ダンスに秀でたトップスターさんの中でも、やはり朝海ひかるさんの踊りが違うことは素人の私が観ても分かった。本当に重力がない(感じさせない)ダンスを踊られる。『パッサージュ』(2001年)の天使や『タカラヅカ・ドリーム・キングダム』(2004年)のRosso、ご退団公演の『タランテラ!』で凄いことは知っていたが、本当に流れるようなダンスである。超絶技巧(高い技術を求められる)なダンスも、決して「頑張って踊っています」という感じがしない。「普通」に踊っていらっしゃるように見える。相手役の舞風りらさんも同じだ。「絶対、難しい」と思うダンスをニコニコしながら踊りこなされる。その上、歌唱力も高い。

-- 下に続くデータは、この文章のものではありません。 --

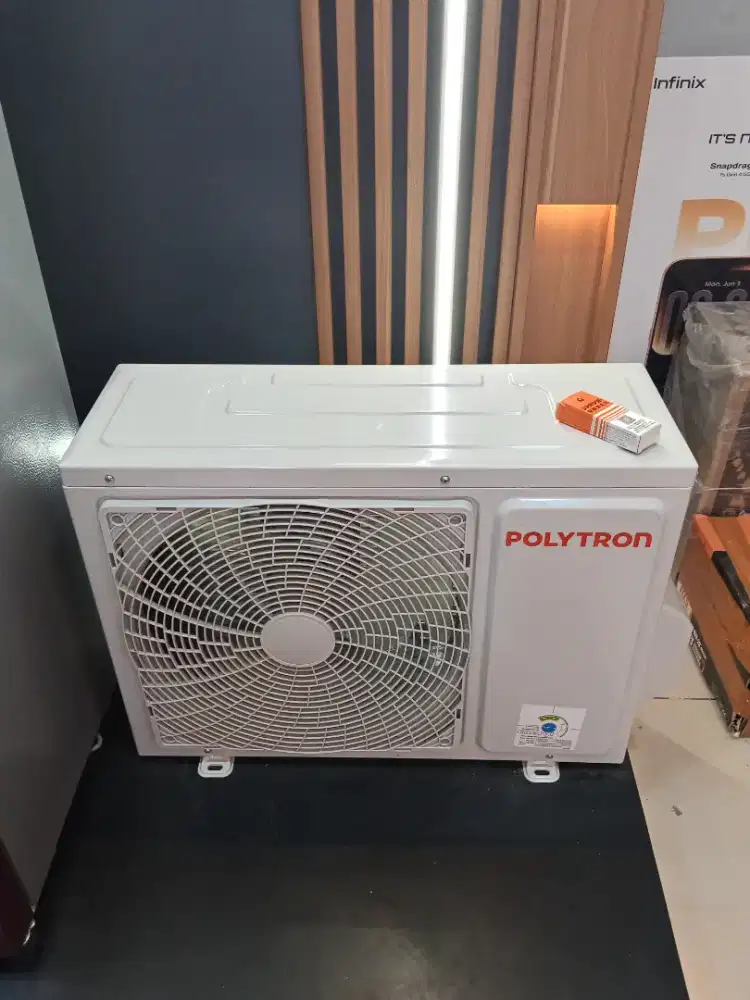 AC Air Cool Polytron Sby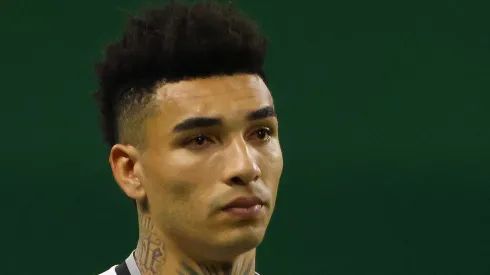 Igor Jesus, atacante do Botafogo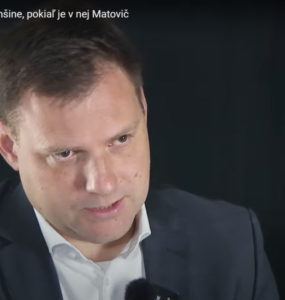Tomáš Taraba, nezaradený poslanec a predseda ŽIVOT-NS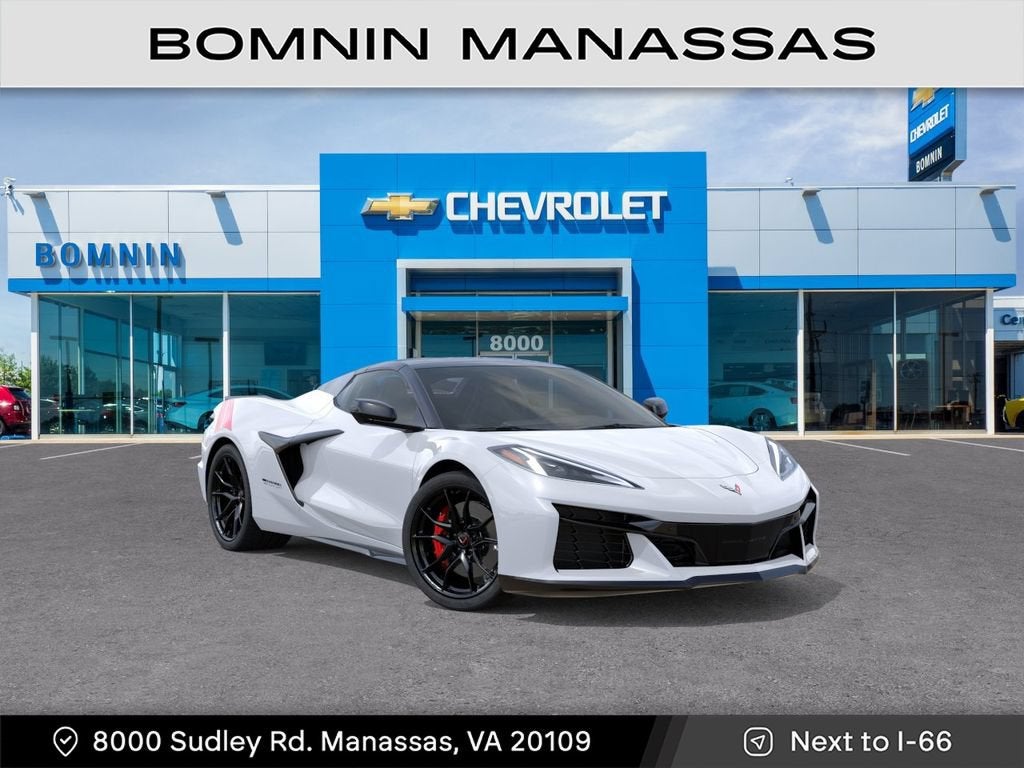 2027 Chevrolet Corvette Grand Sport 3LT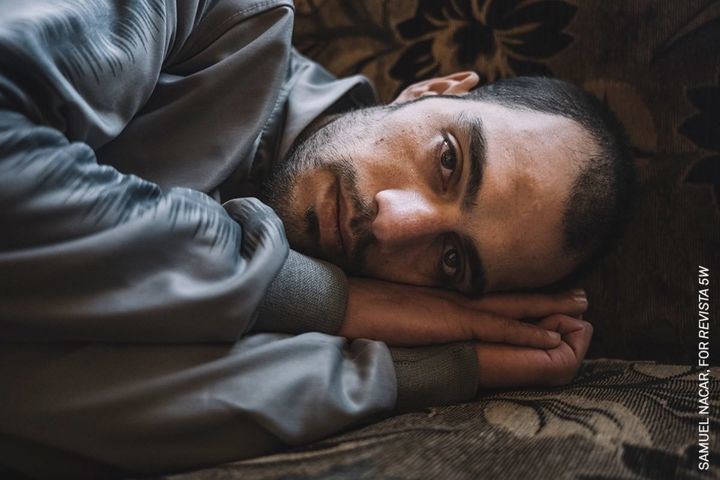 Samuel Nacar, egresado de la primera promoción de Periodismo de Cuenca, premiado en el World Press Photo 2025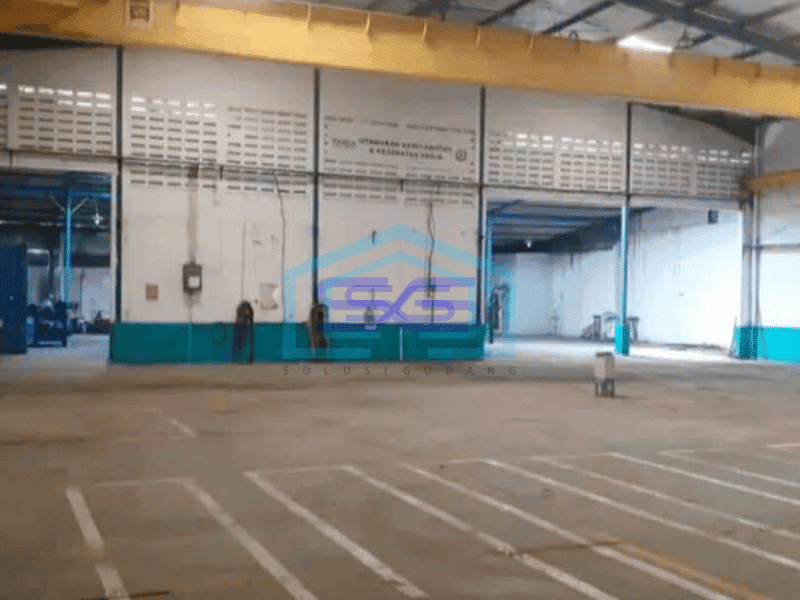 Disewakan Gudang Dengan Office Siap Huni di Jababeka, Cikarang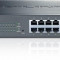 Switch tp-link tl-sg1016de 16 porturi gigabit 1u 19 rackmount easy
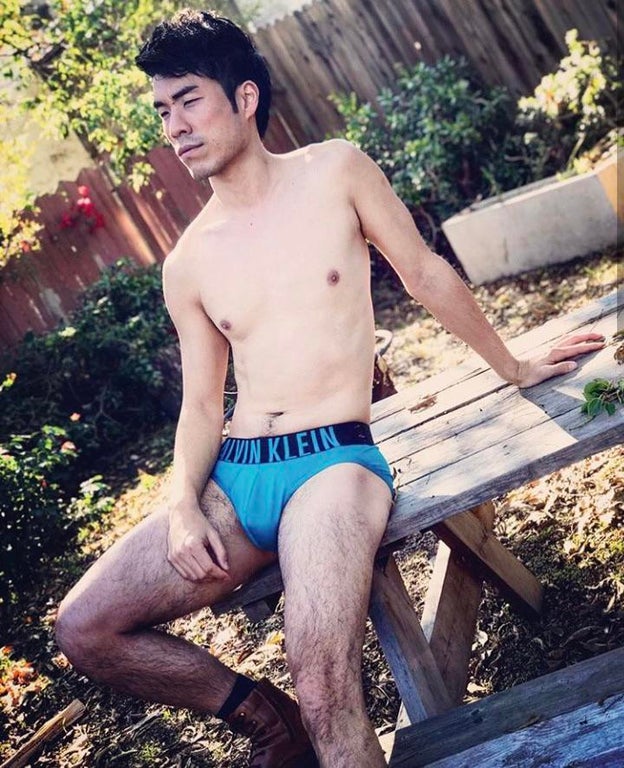 Eugene Lee Yang The Male Fappening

星組の湖月わたるさんは、少々お歌が不得手な方だった。そのためなのか(因果関係があるのか)分からないが、多くの楽曲を安蘭さんがお歌いになっていた。雪組時代から高い歌唱力をお持ちだった安蘭さんの歌をたくさん拝聴できて、嬉しかった。女役もされていて、編タイツの美脚を久しぶりに目にすることもできた。同じように、雪組二番手だった貴城けいさんもその歌唱力を存分に発揮して下さっていた。
その安蘭さんと貴城さんの歌唱を聴いていると、まさしく「雪組歌唱」だった。杜けあきさんから一路真輝さん・高嶺ふぶきさん・轟さんまでは、いわゆる「雪組歌唱」と呼ばれる歌い方(こぶしに近いビブラートを効かせる)だった。その歌い方を継いでいらっしゃったのが安蘭さんと貴城さんだ。お二人の歌を聞いた時は、こんな私でも懐かしさを感じた。トップに就任された方々の中では、貴城さんが「最後の雪組歌唱」と言われる。組が変わっても、やはりお二人は雪組育ちなのだとあらためて感じる歌い方であった。

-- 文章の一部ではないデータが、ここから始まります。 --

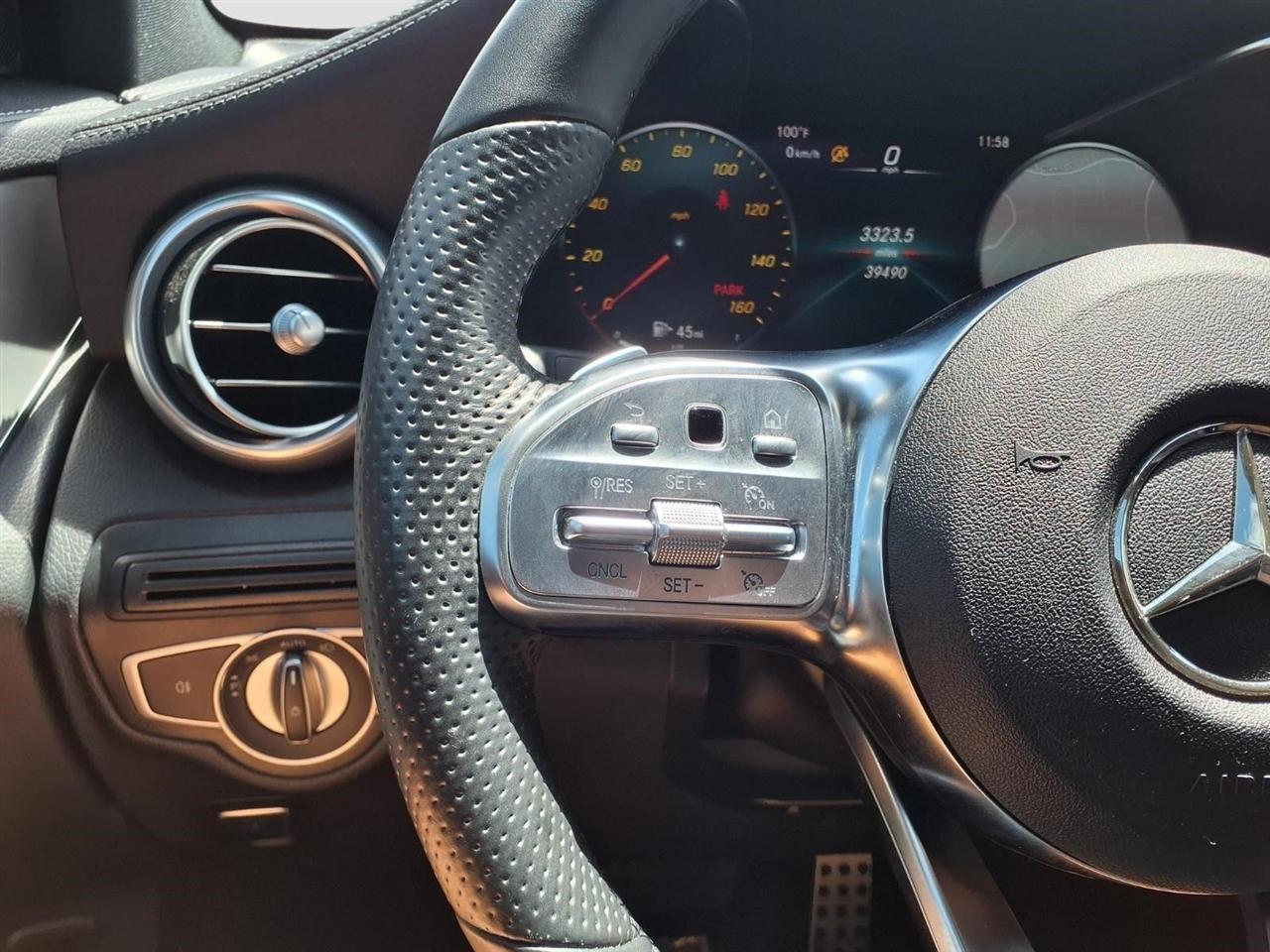 Mercedes-Benz GLC-Class Coupe GLC300 4MATIC 2022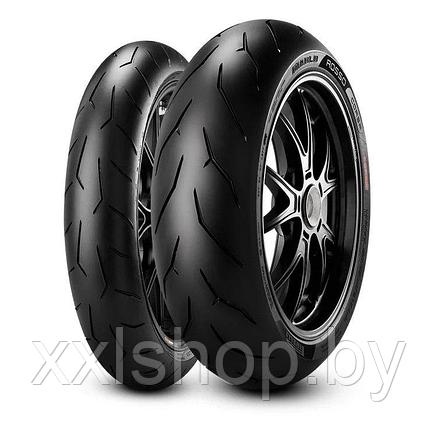 Мотошина Pirelli Diablo Rosso Corsa 180/55ZR17 (73W) TL Rear, фото 2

最初の方に書いた通り「ゴールデン・ステップス」を観た目的は、轟さんである。今か今かと登場を待ちわびていた(専科へ異動され、特別な立ち位置にいらっしゃったため、ご出演が限られることは予測していた)。一幕目にはお出にならず、二幕の後半に二度、出演された。最初はスパンコールの付いた赤い燕尾服をお召しになり、大階段で”G線上のアリア”(「バロック千一夜」より)を歌われた(彩乃かなみさんと白羽ゆりさんがセリ上がりで登場され、お二人と共演)。誰もが知るG線上のアリアをソロで歌い上げる難しさは、想像に難くない。

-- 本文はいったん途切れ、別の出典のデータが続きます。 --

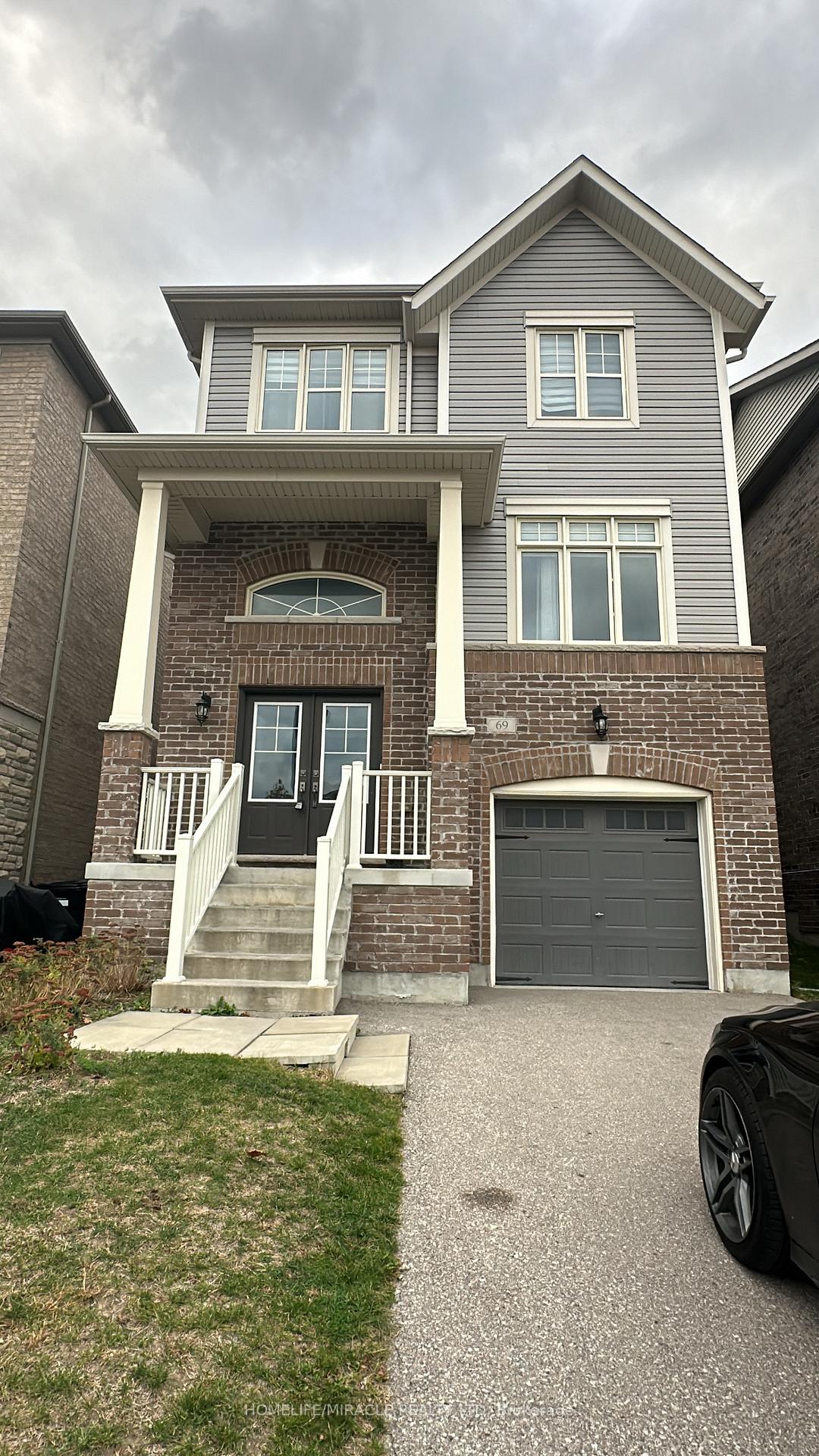 Front of 69 Sutcliffe Way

二度目のご登場は、大フィナーレとも言える大階段での黒燕尾の場面だった。出演三組の男役さん全員による黒燕尾の最後に、大階段の中央を降りて来られてからの総踊りである。最も宝塚らしい場面の一つだろう。一糸乱れぬ黒燕尾は壮観だ。だが、その中でも轟さんの黒燕尾は別格だと思う。
燕尾服の着こなしはもちろん、添える手や肘の角度、脚の上げ方…。どれをとっても、やはり他のジェンヌさんとは違うのである。長年、研究されてきたこともあるのだろう(2005年当時で、入団から満20年)。「男役の教科書」とも言われた方である。だが、轟さんの黒燕尾が別格だということはトップ時代の作品を観ても既に分かる。『パッサージュ』の最初に、装飾が一切ない黒燕尾で踊られる場面があるのだ。そこで、宝塚における黒燕尾とは何たるかを示して下さっている気がする。轟さんと比較しては他の方が気の毒だと感じるが、言うなれば「完璧」なのである。
トップ退任後も主演として作品に出演され、特別な催し(TCA/宝塚スペシャル等)では必ずセンターにお立ちになっていたことを、快く思わないファンの方も少なくはなかった。しかし、やはり轟さんがいらっしゃることでその場が締まるという側面はあった。決して多くの言葉でお話になる方ではないけれども、自らの存在(振る舞い)で、タカラジェンヌとは何かを示されていたと私は思う。
轟さんがいらっしゃらない現在の宝塚は、やはり一つの柱を失ったことになるような気がしてならない。轟悠さんはどなたにも代わりのできない、宝塚歌劇団の象徴だったのである。